‘Hybrid’ or ‘blended’ products are attracting attention for their potential to significantly reduce meat consumption, while maintaining a meat-like taste, smell, appearance, and cooking behaviour.
For the most part, so-called hybrid products are made up of two or more distinct sources of protein. Minced meat products made up of 50% vegetables and either 50% beef or pork are one such example. Industry players are also investigating blending fungi-based mycoprotein with meat for the retail market.
Potential for hybrid production also exists within cellular agriculture, whether through blending cell-based meat with plant-based proteins, cultivated fat with plant-based proteins, or developing hybrid dairy products containing cultivated milk fat.
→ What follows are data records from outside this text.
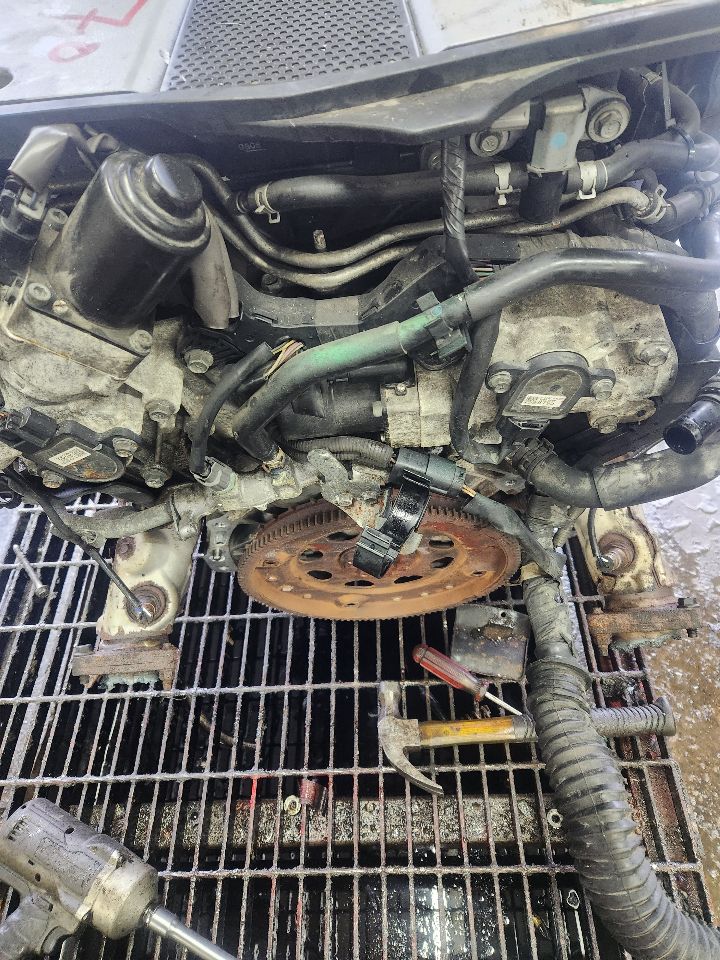 2011 INFINITI G37 ENGINE ASSEMBLY - 450202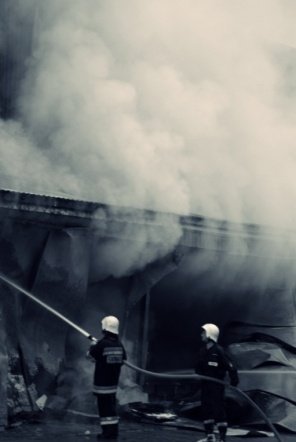 Pożar w JBB w Łysych - zdjęcie #14 - eOstroleka.pl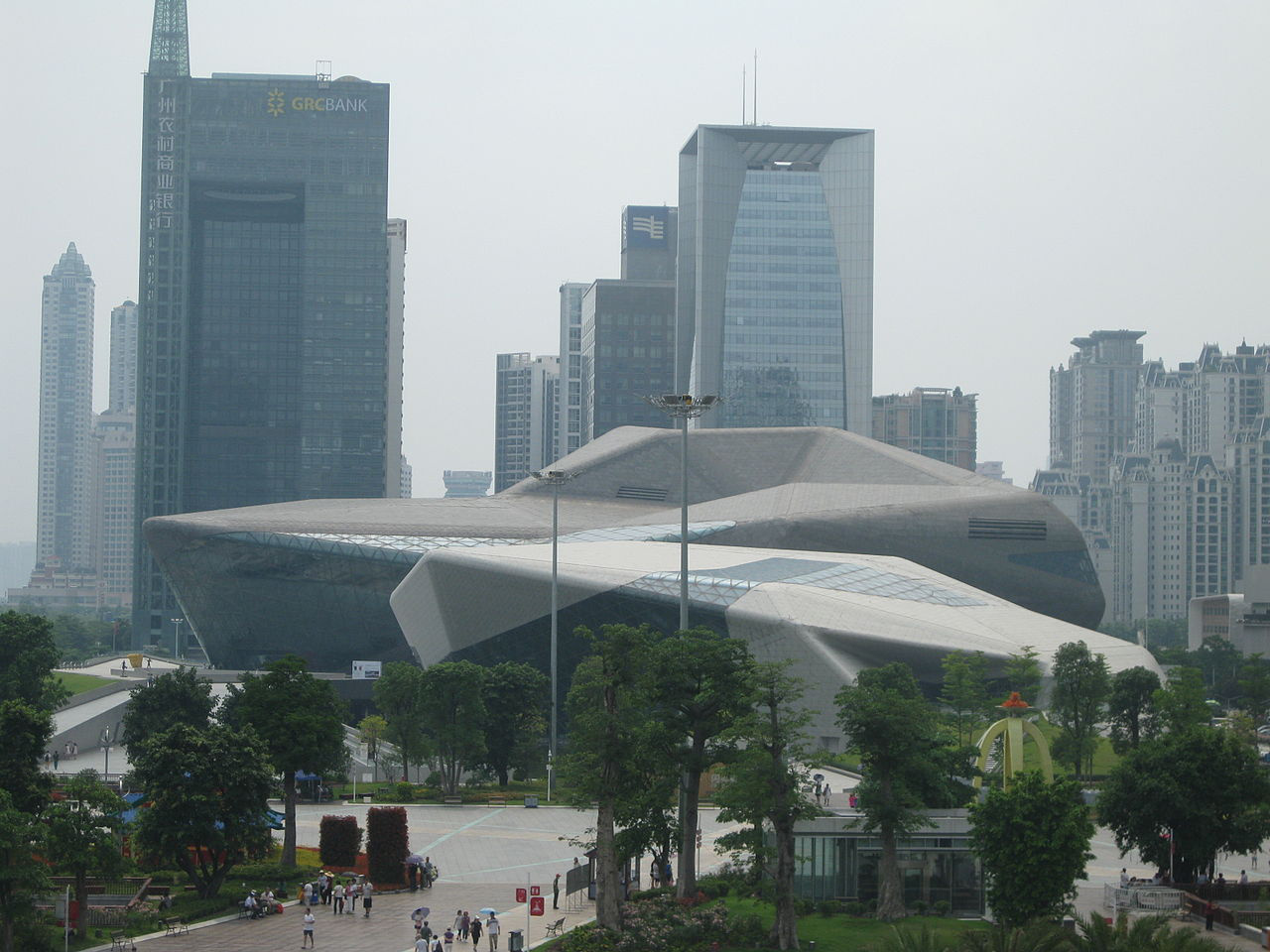 A Hong Kong-i egyetem számára épített torony Zaha Hadid jól ismert toposzait ötvözi jellegzetes épületté. A 2013-ban befejezett Jockey Club Innovation Tower úgy néz ki, mint egy puha anyagból épült toronyház, amit összekuszált valami forgószél. Az ilyen épületek tervezése a számítógépes tervezőprogramok megjelenése előtt szinte lehetetlen lett volna. Zaha Hadid épületei az építészet sajátosságai folytán tervezőjük halála után is szaporodnak a világban. Építés alatt van többek közt egy olasz múzeuma, két kínai irodaháza, és rá emlékeztet majd a 2022-es foci-vb katari stadionja is.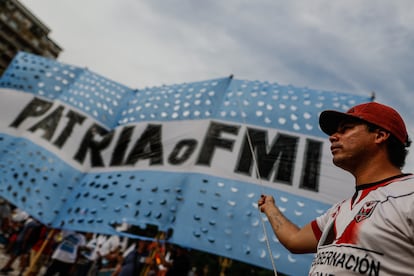 Protesta en Argentina por acuerdos económicos con el FMI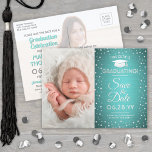 2 Foto Afstuderen Save the Date Blauwgroen Faux Si Aankondigingskaart<br><div class="desc">Tijd vliegt! Deel het vrolijke nieuws van uw aanstaande afstudeerpartij evenals 2 favorieten toen en nu afbeeldingen met deze elegante blauwgroen en zilveren glitter sparen de datumUitnodigingen van het briefkaart. Afbeeldingen en formuleringen zijn eenvoudig aan te passen. Als u de voorkeur geeft aan het wijzigen van "Deze snede" in "Onze...</div>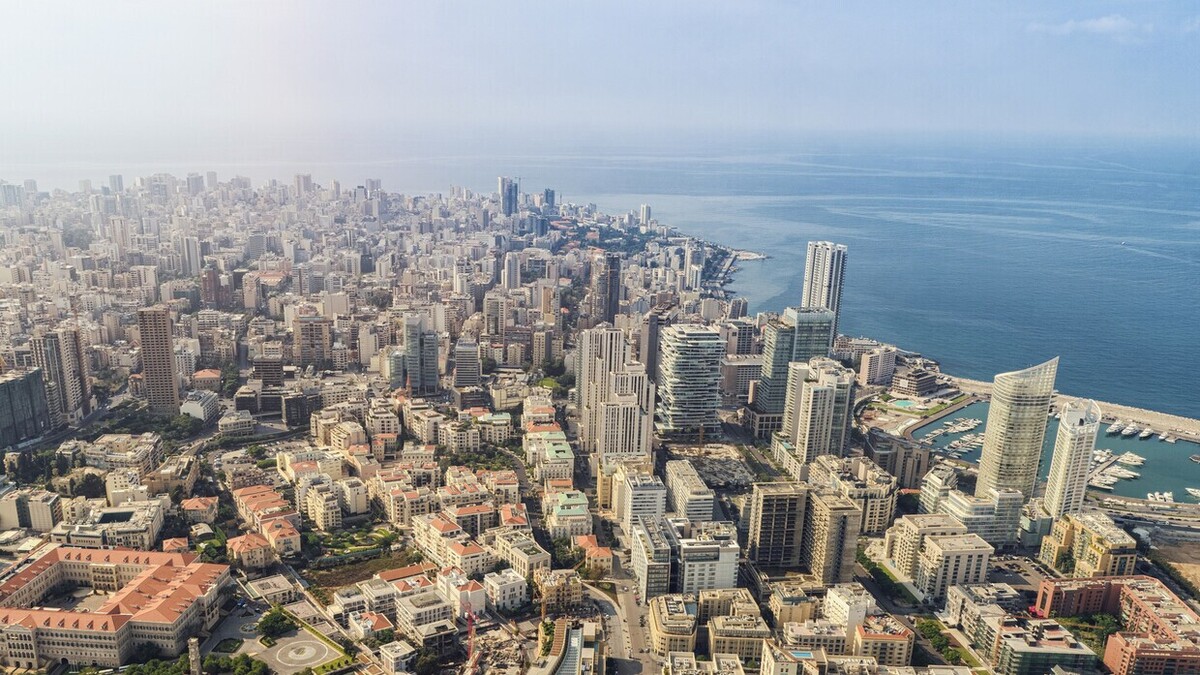 میلیاردر اماراتی قصد خود را برای سرمایه گذاری در لبنان پس از تشکیل دولت اعلام کرد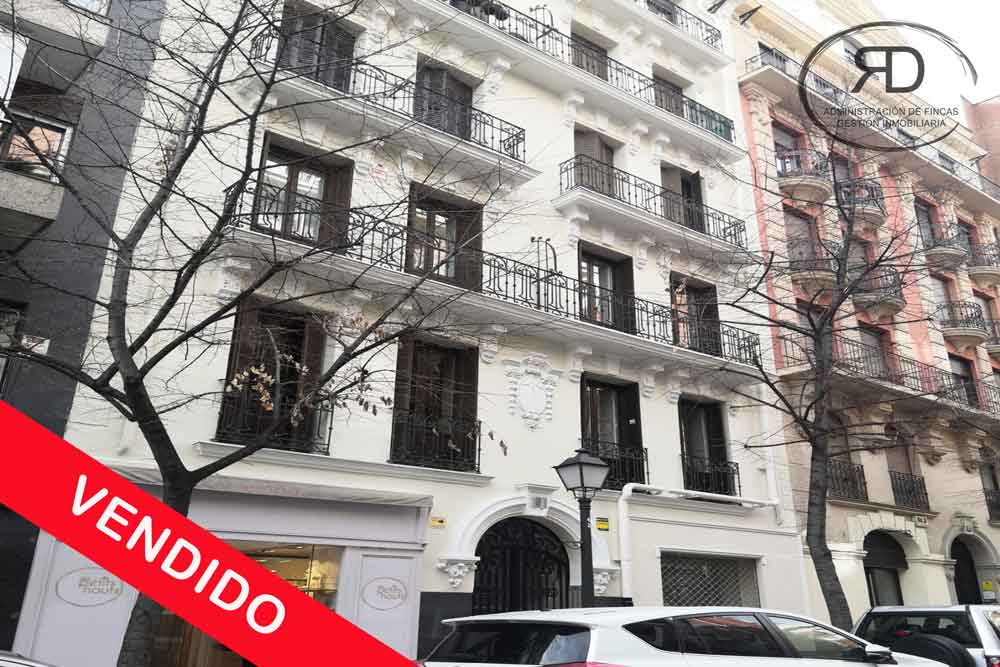 Venta de piso en calle Claudio Coello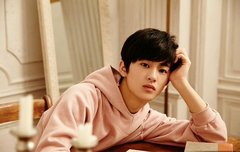 하다하다 중학생한테 설레는데 어떡하냐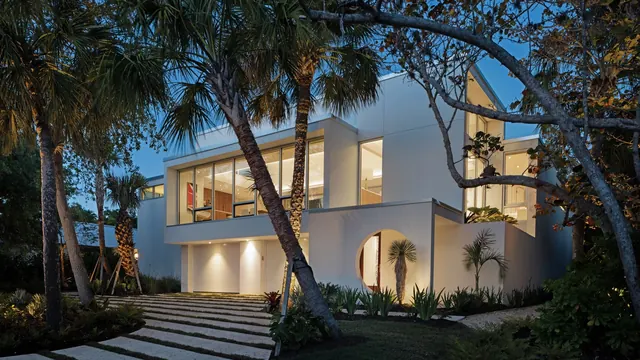 Modern Tropical Villa Architecture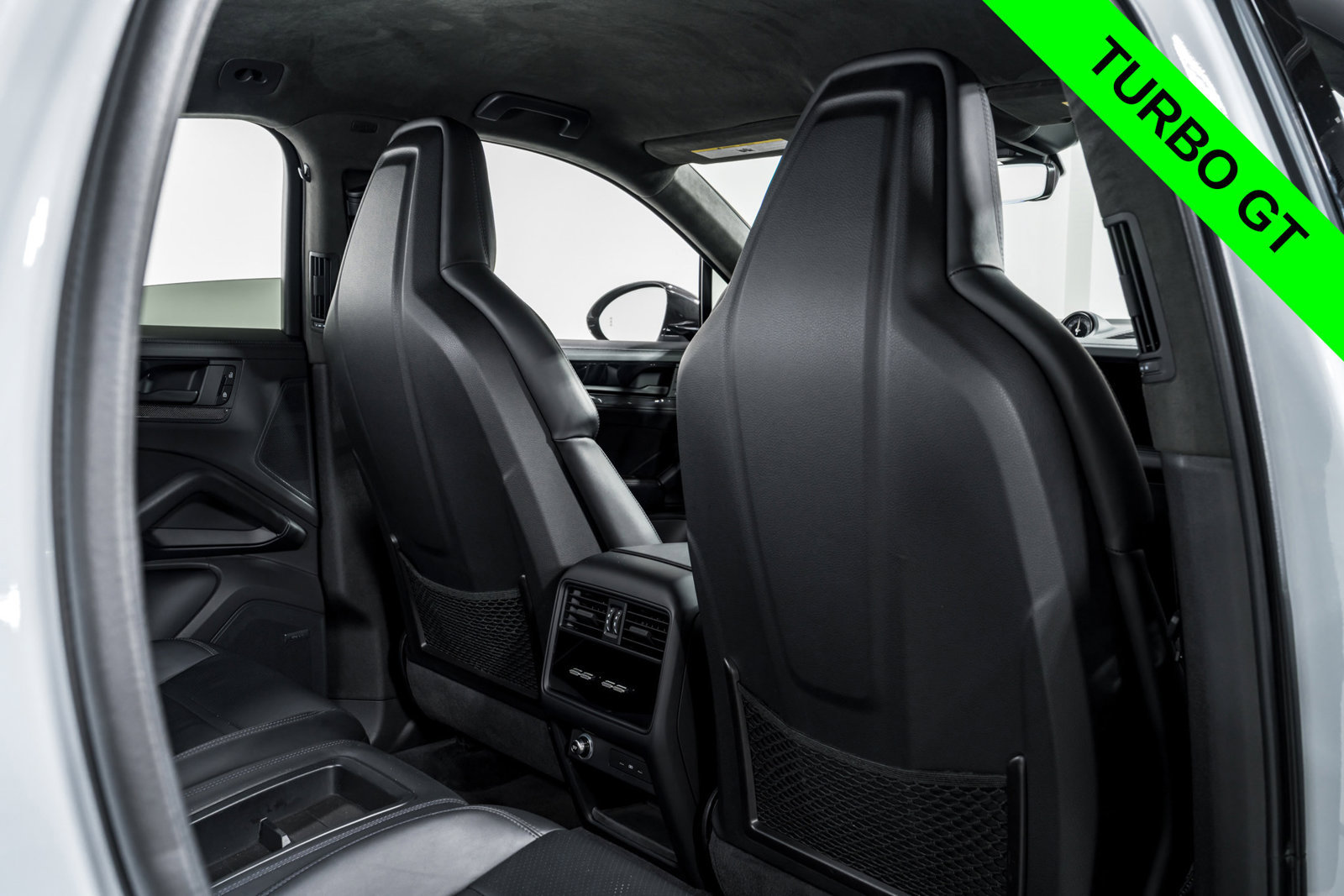 Used 2024 Porsche Cayenne Turbo GT AWD/4WD image 35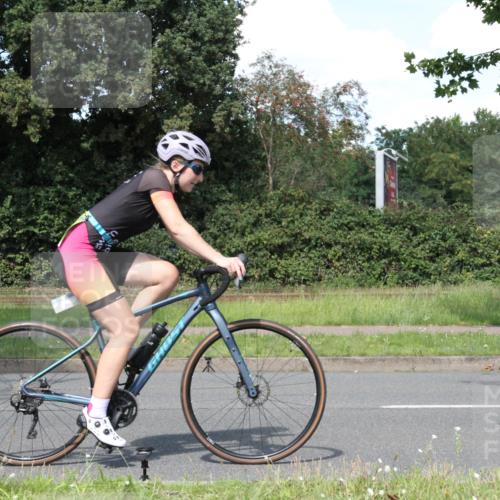 10.08.2025 - GEWOBA Citytriathlon Bremen Yannick Fuchs http://msf.ph/oto/8572332 10.08.2025 14:55:13 Radfahren 284, 357, 375, 424, 430, 443, 450, 451, 511, 524 meine-sportfotos.de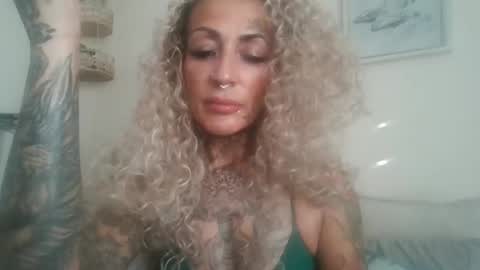 badass894054 online show from 01/16/26, 01:37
But the hybrid categories don’t stop there. In Norway, researchers are working to develop novel hybrid foods that combine plant proteins with unlikely ingredients derived from fish and poultry, algae, and insect larvae.
A move away from ‘highly processed plant isolates’
The research project, coined HybridFoods, is funded by the Research Council of Norway. Running for four years, from October 2021 until September 2025, the programme is headed up by the Norwegian Institute of Food, Fisheries and Aquaculture Research (Nofima).
Collaborators include the Department of Clinical Medicine, University of Bergen; Centre for Applied Research at NHH Norwegian School of Economics; and the Department of Agrotechnology and Food Sciences, Wageningen University & Research.
The project aims to develop nutritious and healthy prototype meat analogue products based on novel upcycling and extrusion technology.
In so doing, it responds to the quality of current meat analogue products on the market, explained Nofima, which describes such products as ‘mainly based on highly processed plant protein isolates’ with the potential to contain ‘inadequate levels of essential amino acids, vitamins, and n-3 PUFAs’.
‘Chicken’ chunks? Alt sausages and burgers?
A variety of ingredients are being investigated under the HybridFoods project to mix with high protein legumes, from seaweed to microalgae, insect larvae and fish and poultry by-products.
“We are working with the valorization of by-products from the fish and chicken processing industry,” Åge Oterhals, senior scientist at Nofima and HybridFoods project manager, told FoodNavigator. Theses could include fish heads and backbones, and chicken carcasses. Entrails are not part of the project as they are currently downcycled into feed.
As to which specific prototype products the project will look to develop, the researcher explained the team is developing ‘technology for the manufacturer of a fibrous product’. “After the extrusion process, this has the form of a thick belt with a fibrous internal structure that can mimic meat.”
The extruded product can end up being the finished form, or else it can be further restructured and formulated into meat analogue products. “As an example, this could be products that taste and have the structure of chicken chunks,” Oterhals continued.
“Use in sausages or burgers will also be an option in minced form.”
Spotlight on texture
The focus on high moisture extrusion (HME) technology is central to the research. “HME technology gives us new possibilities to incorporate and reformulate [certain] by-products into food products with a structure similar to other known food items,” Oterhals explained.
HybridFoods will apply an ‘advanced analytical platform’ for the physicochemical and techno-functional characterization of ingredients, food mixtures, and prototype products.
The researchers believe that by using minimally processed ingredients and protein plasticization technology, energy consumption will be reduced, texture formation improved, and product ‘juiciness’ obtained.
The project also includes sensory testing by a trained panel. Texture characterization will be linked to the sensory perception evaluation.
“One of the main objectives in this project is to study and characterize [variations between different ingredients] and understand how this impacts fibrous structure formation in the extrusion process,” we were told.
Further testing will be sought in collaboration with Norway's University of Bergen, which has the capability of evaluating effects of optional ingredient mixtures on nutritional quality and bioactivity.
In collaboration with the NHH Norwegian School of Economics, environmental and societal impacts – based on life cycle assessment and cost-benefit analyses – will also be examined.